I have some news for you on the topic of how the Left failed to deliver on the necessary support in opposition. It certainly wasn’t for a lack of trying.
It had to do with not agreeing on how to try, and, in the process, fracturing into so many small groups — as the past has shown is the tendency –that it decimated the power of the people.
The people who are enough to basically run the board, locally and nationally, if they can stop long enough to agree on basic things and make them happen.
Here, the past is as much a prologue as it can be certain that the USA will renege on federal contracts. Because the Pretendent in Chief will try to not pay for work already done, as has been a trademark of his past efforts.
A lot of this stems from the fact that people no longer understand how the government works. Like the Pretendent in Chief, who thinks Judges are essentially under his thumb — as he has demonstrated both before the election and after it.
Past is prologue. It gives us insights into the character of the person we are dealing with. Or the nation. Or… well, you get the idea.

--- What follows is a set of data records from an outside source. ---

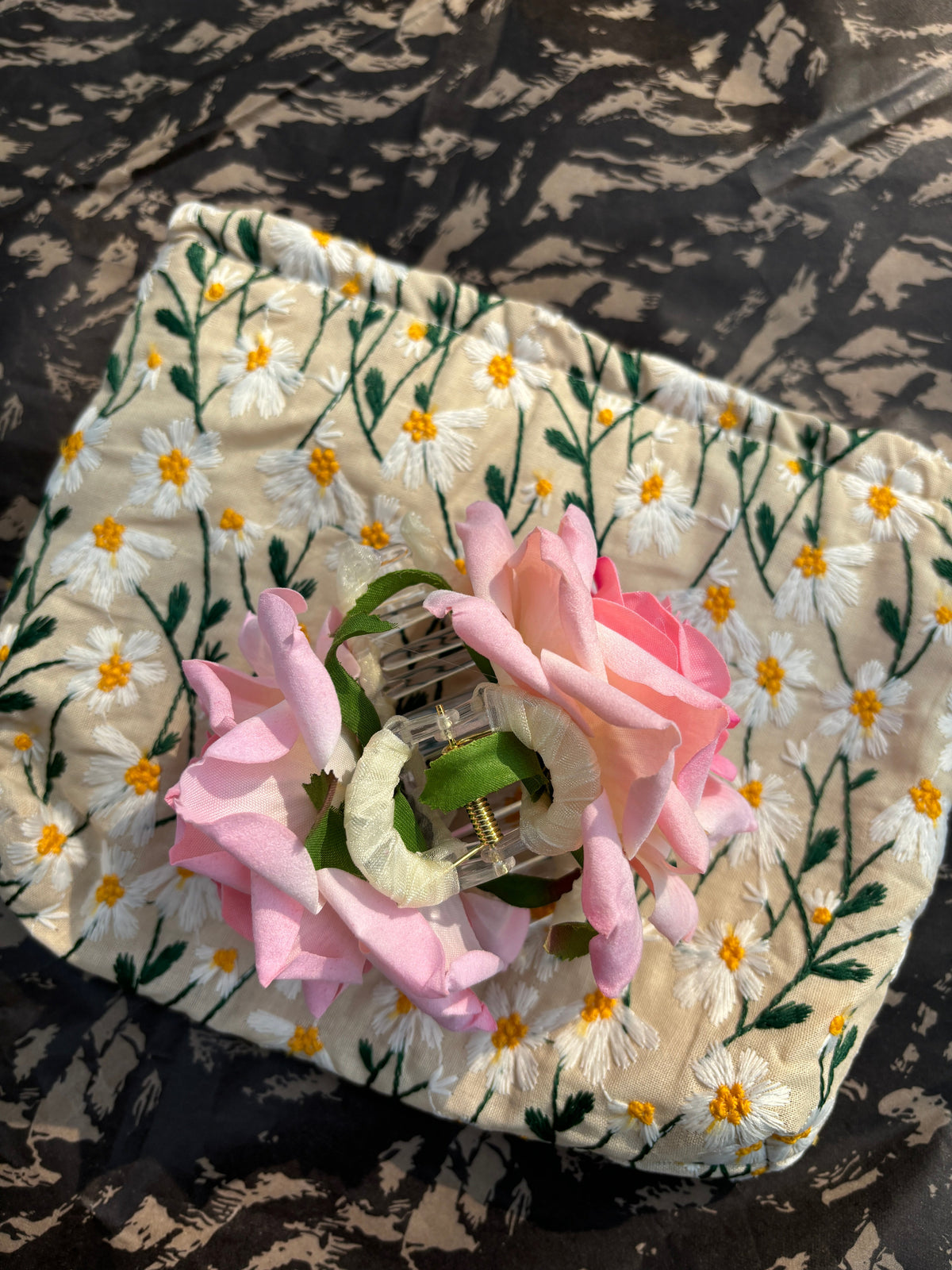 Elegant Rose Hair Claw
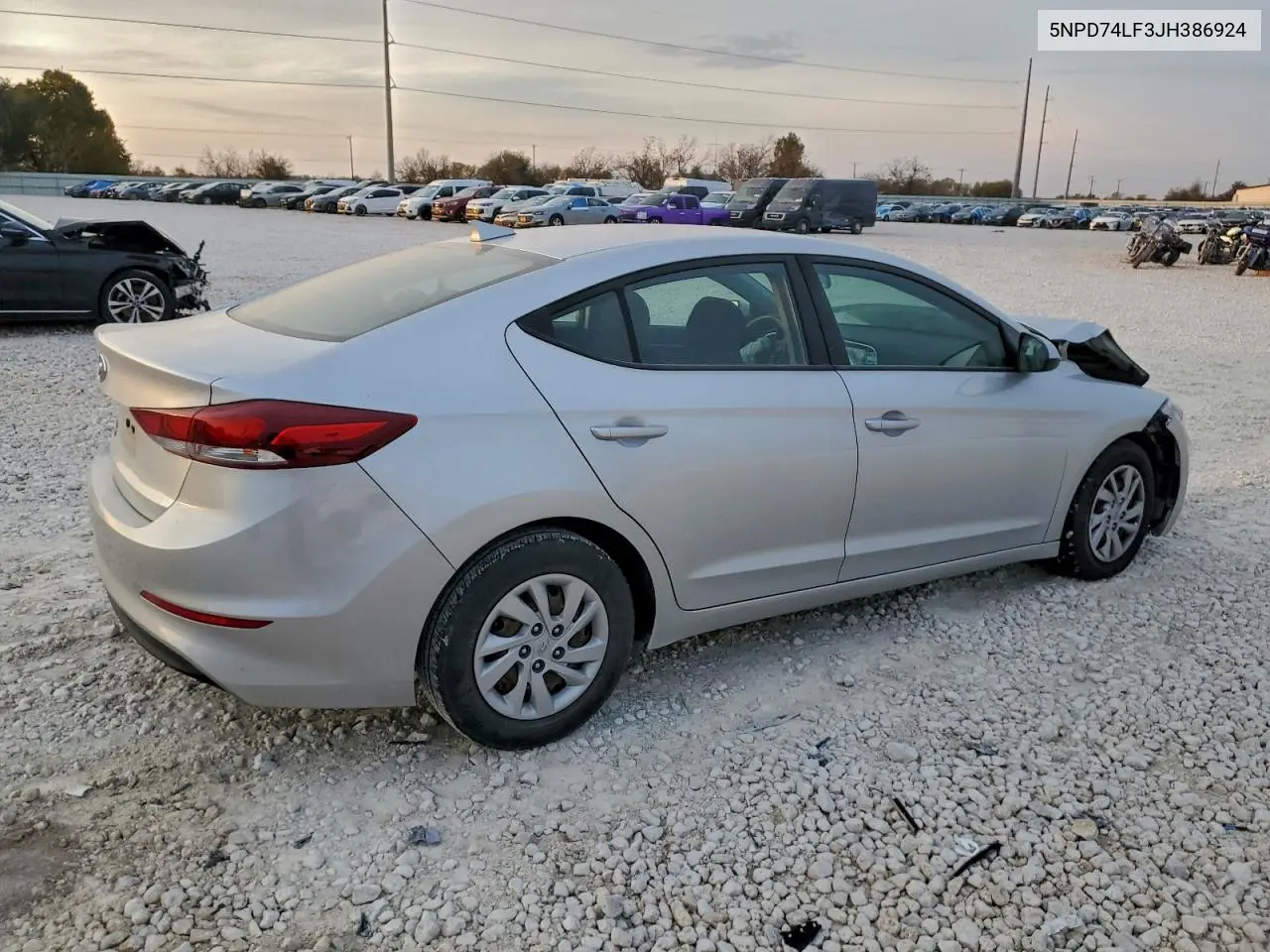 5NPD74LF3JH386924 2018 Hyundai Elantra Se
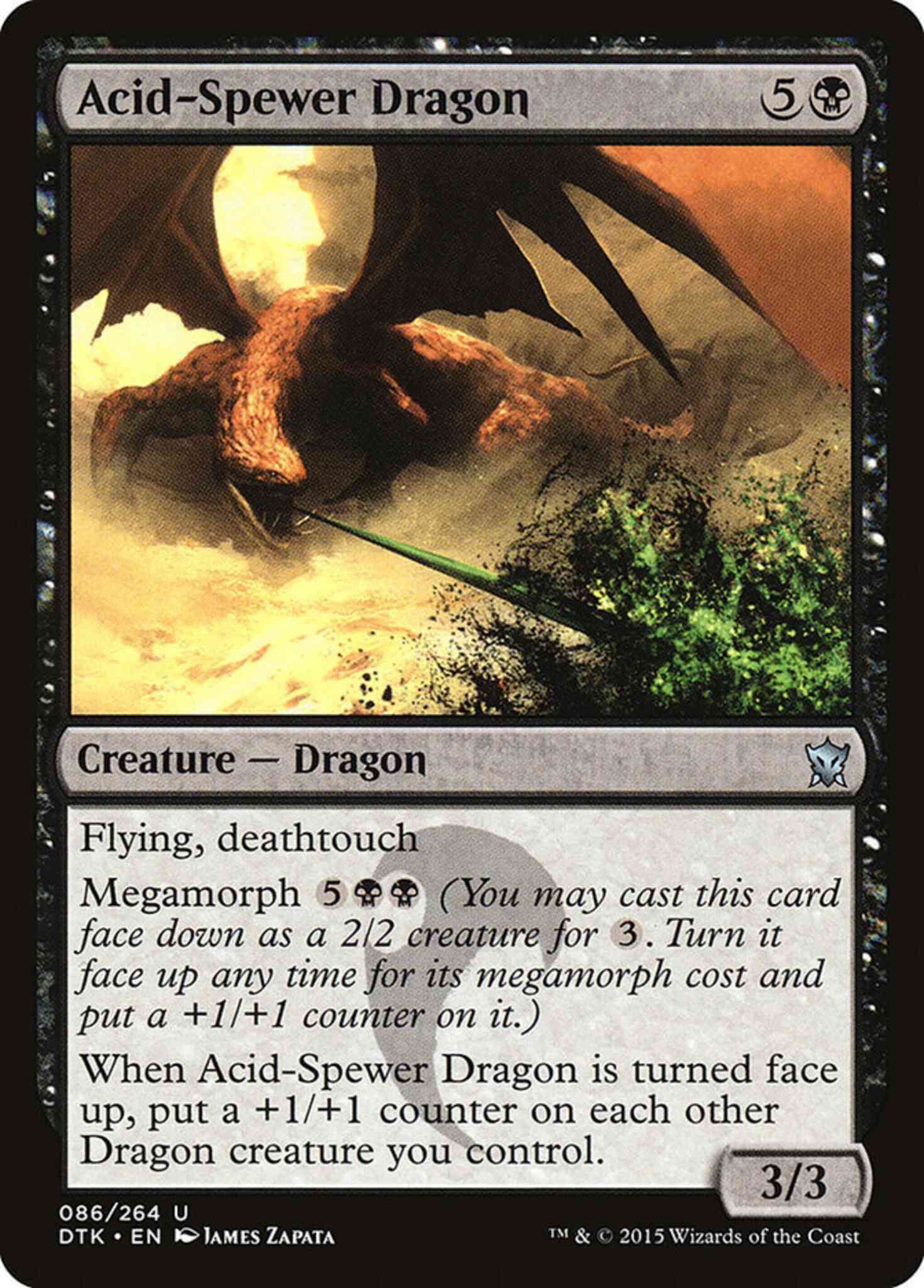 Acid-Spewer Dragon [86] [Dragons Of Tarkir] [Non-Foil]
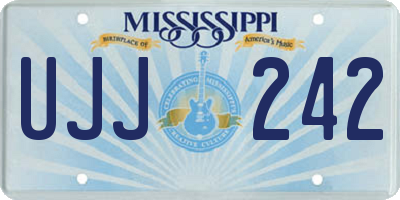 MS license plate UJJ242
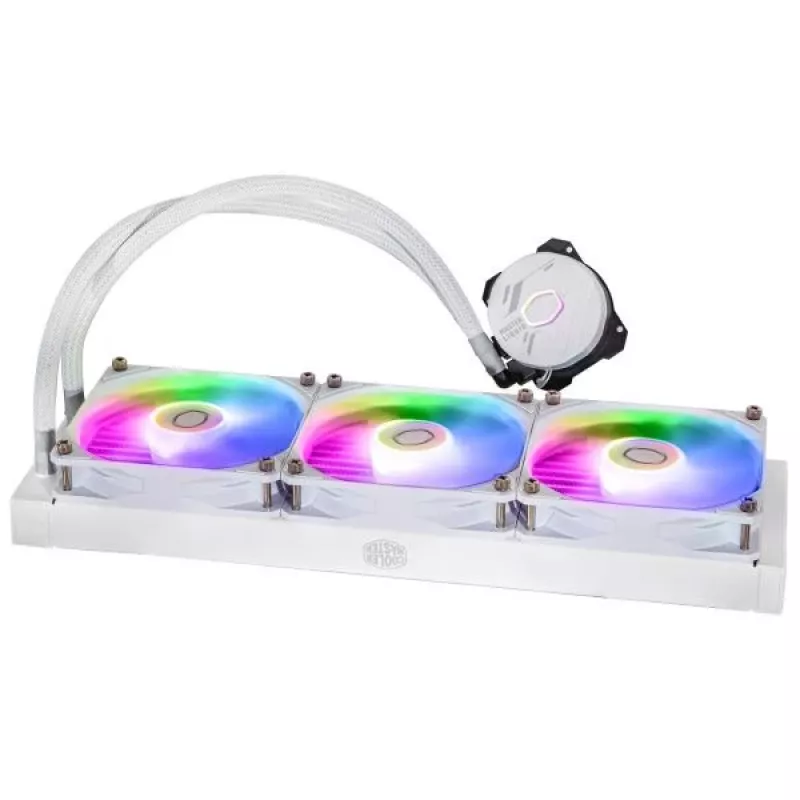 Sada kvapalinového chladenia Cooler Master MasterLiquid 360L Core ARGB biela 12 cm ventilátor
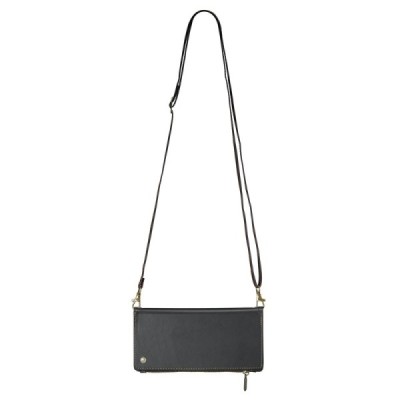 „CaseMe“ Crossbody universāls atvēramais melns ādas maciņš (XXL izmērs) | Vacins.lv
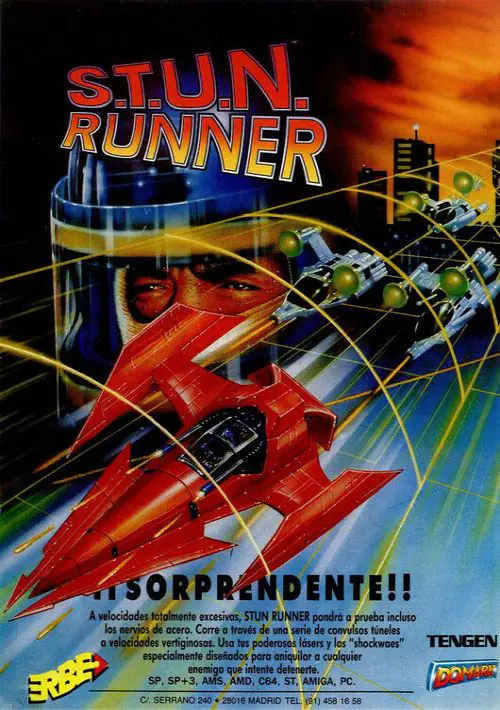 S.T.U.N. Runner (1990)(Erbe Software)(Side B)[re-release] ROM download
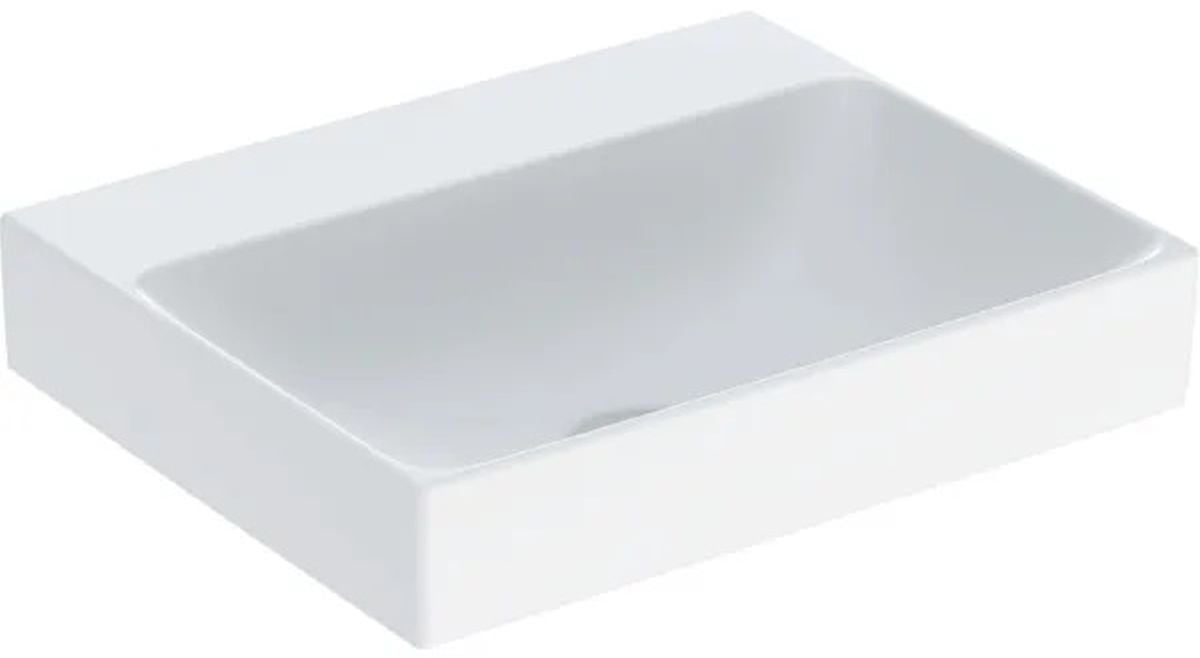 Geberit One umývadlo 60x48 cm obdĺžnik klasické umývadlo-vstavané umývadlo biela 505.021.01.1
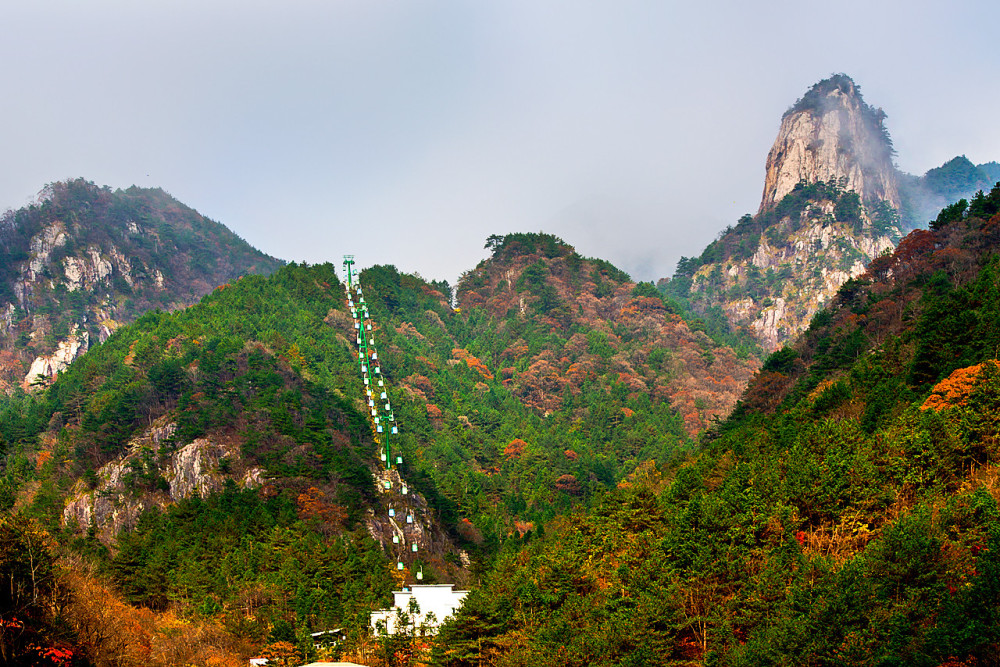 明堂山风景名胜区景点图片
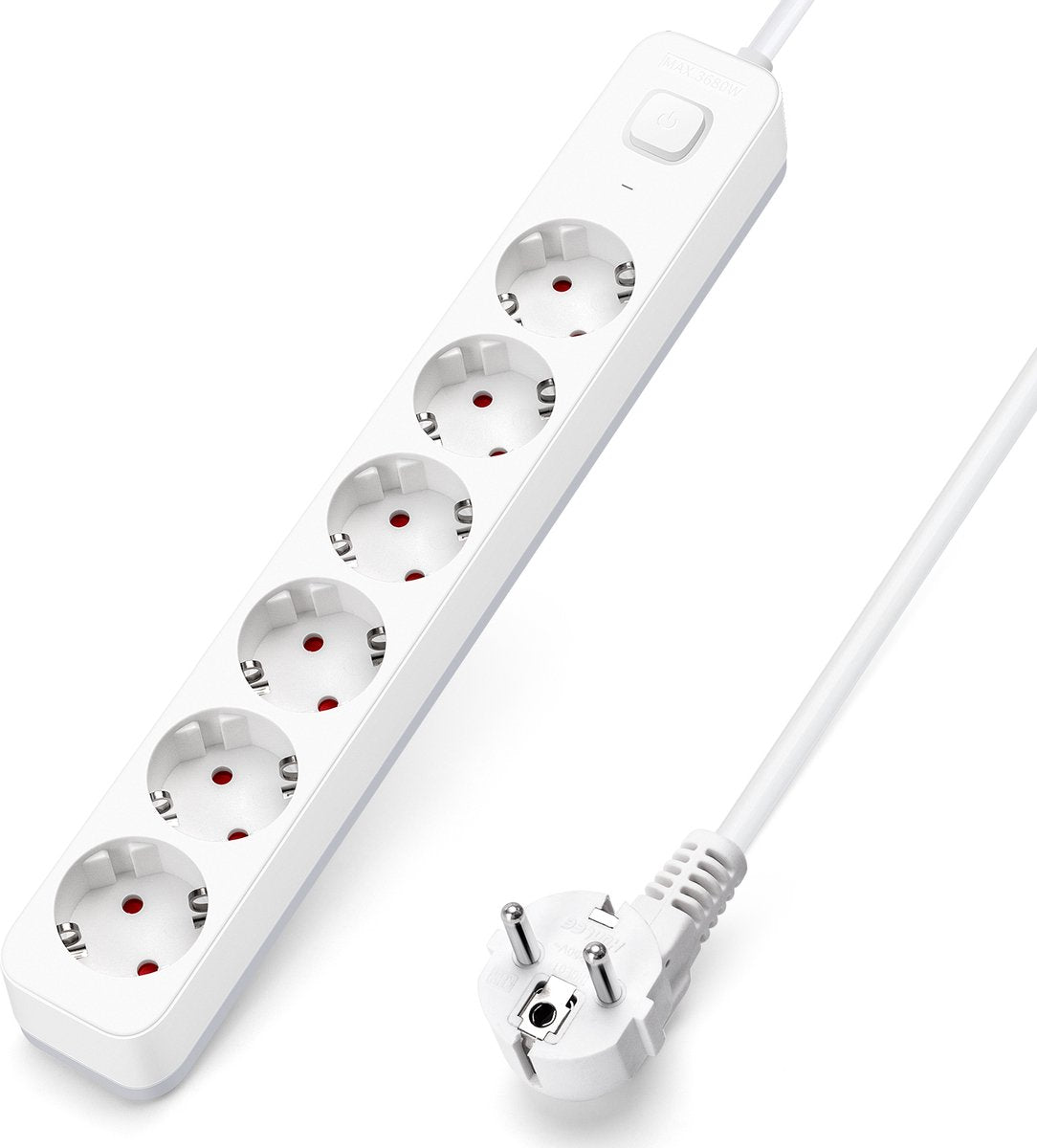 Stekkerdoos - Verlengsnoer - Verlengkabel - 1,5M - Wit - Aigostar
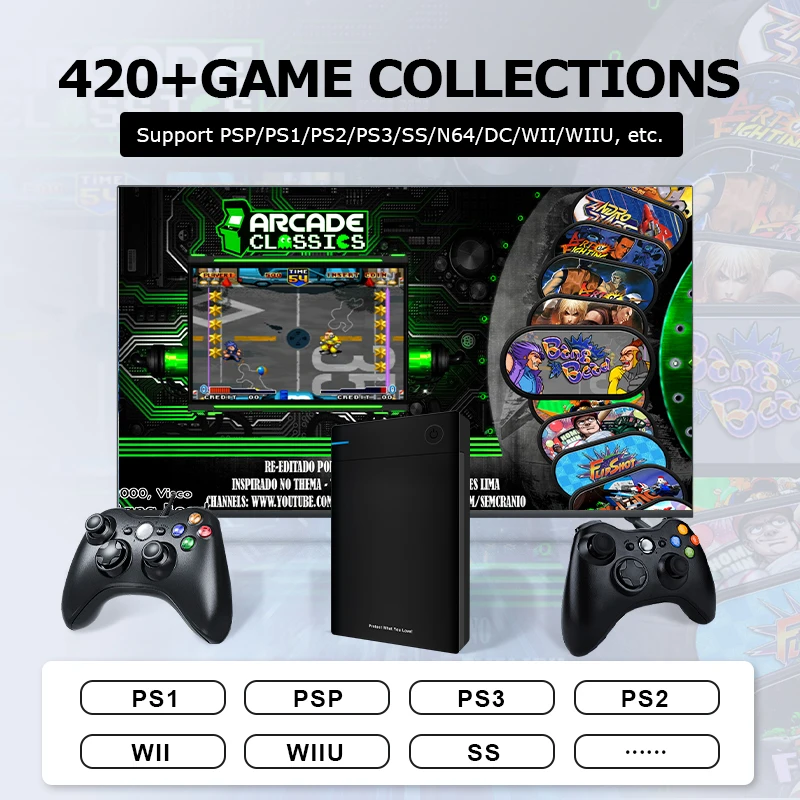 Жесткий диск hyперспективin для Windows 7/8/10 внешний портативный жесткий ретро-игры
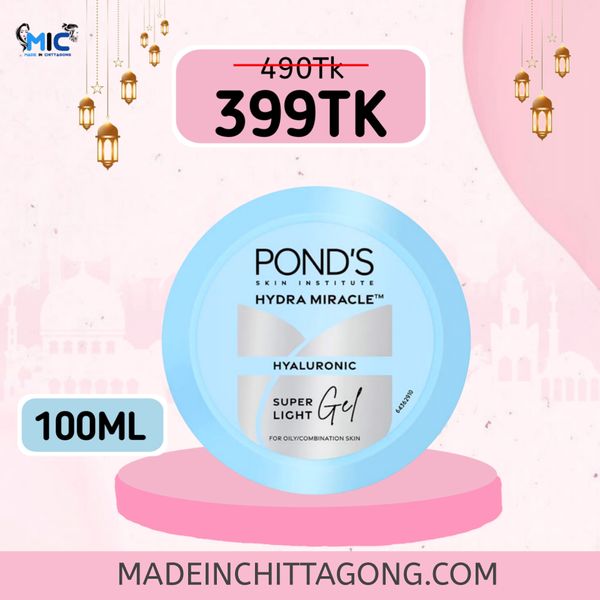 Ponds Super Light Gel with Hyaluronic Acid + Vitamin E 100g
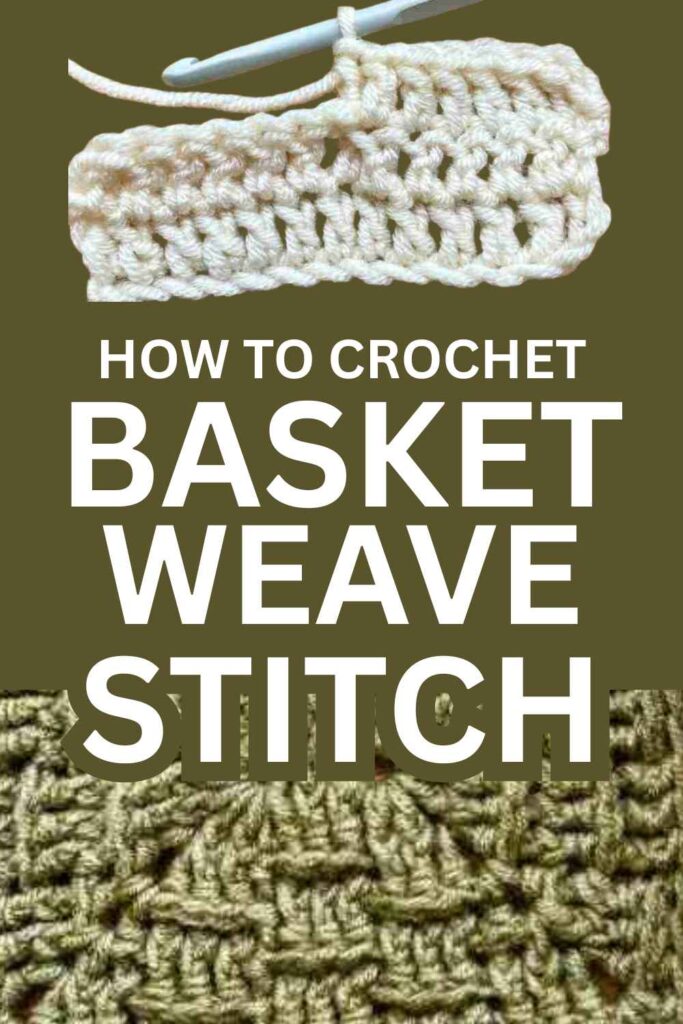 photos of crochet basket weave stitch samples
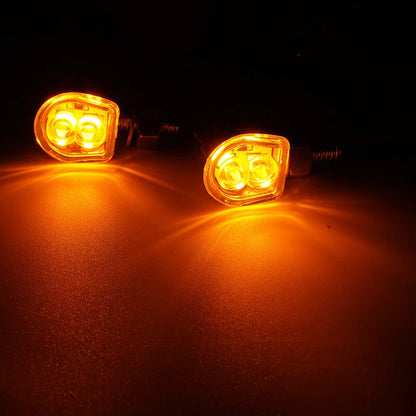 LED Mini Motorcycle Turn Signal Light Blinker for Cafe Racer Bobber (2023)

The past of the Democratic Party has been to be very good when they unite, but getting them to unite has been difficult, and so they suck a lot of the time.
The Left, as a whole, is even more fractious – witness the Truman-era infighting that surrounded the whole Sanders v Clinton rigmarole. And a truism of the Left is that it is never just the Democratic party.
It doesn’t matter who you voted for or why you voted for them or who you voted against and why you did that anymore: we lost.
We lost because we do not agree on what it means to be a Left person, to be a progressive or moderate or centrist or radical whatever.
There are so called radicals that cry out nasty things about Liberals and the Democratic party and then suggest things that are flatly unconstitutional. On the Left.
There are things that are cried out out about how we need to change the economic system, and *this is the system we need to use*, but never think about the impact of that change or how it would set us apart form other nations, isolating us. Which brings further problems.
I don’t mind any of that. There is a belief — and I use that word very precisely — of mine that I follow that says that nothing of any consequence is done by one person alone.
It always takes at least two. Some have called it co-dependent, to be frank, though it doesn’t meet the criteria for such.
It is the basis of being able to work with others — and especially with people who are not like you in their background and their outlook. When you are working along political lines, it means looking for what you have in common instead of looking at what separates you.
That bit is important, because if you do not look at what you have in common, all you ever see is what separates you, and you end up giving away your power to a fringe group that elects a complete and utter nightmare for your side.
This happened in 1860.
Past is prologue — people are wondering why I would bring up the election of Abraham Lincoln as a nightmare. Which is joined by the fact that most folks are not going to be reading this on the day it is published.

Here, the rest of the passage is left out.